Going beyond traditional reporting of the auditors of listed companies
View(s):Influential people of the government and the chairman of the SEC (Securities & Exchange Commission) have proposed to enlarge the reporting responsibilities of the listed company auditors.
They propose that auditors of listed companies should submit a report to SEC to disclose malpractices, fraudulent activities and material violation of regulations, etc in the listed companies. This is an additional report to the traditional audit report to shareholders. Some activities to pass these laws have already been processed but they were not passed in parliament due to current political status.
The rapid development of the Colombo stock market including a Rs. 3 trillion market capitalisation and massive number of investors triggered the need for such laws. Recently some of the listed companies have gone bankrupt while numbers of quoted companies are operated with negative net worth.
Traditional audit reports reveal only limited information and we have rarely see a modified opinion from the auditor.
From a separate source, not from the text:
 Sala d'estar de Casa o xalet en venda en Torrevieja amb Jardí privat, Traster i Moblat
Therefore various groups are discussing the responsibility of the auditor under this scenario.
Auditors are paid by shareholders funds and shareholders should receive proper services from the auditor.
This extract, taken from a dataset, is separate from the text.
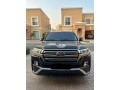 toyota-land-cruiser-vxr-2016-small-0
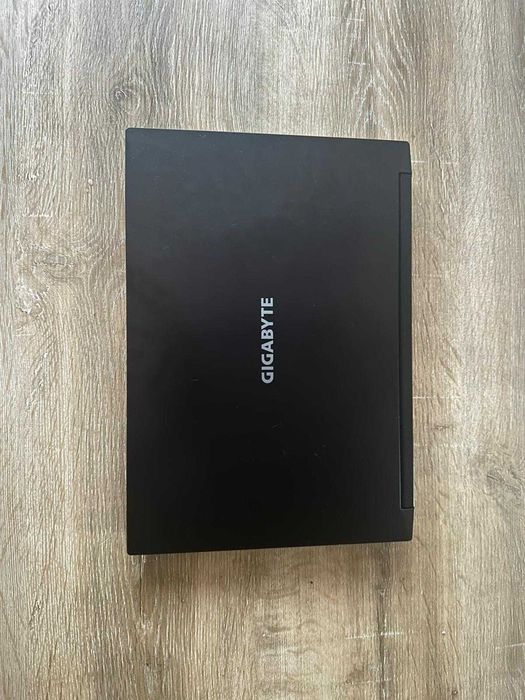 Vendo Portátil Gaming Gigabyte 15.6 Polegadas 144Hz/ RTX 3060 6GB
However this responsibility should be confined to the verifiable aspects by an auditor. These regulations should not create undue pressure or embarrassment for the auditor.
Some of these regulations exist in many counties. This will increase the practical value addition of the auditor to protect good governance of publicly owned listed companies.
Any strong refusal of these responsibilities by chartered accountants could have repercussions. CA Sri Lanka has a responsibility to manage the scenario to the positive side of their members.
At present an investor with a portfolio of below Rs. 20 million is treated as a minority investor. I have written this as a minority investor of the stock market since 1999.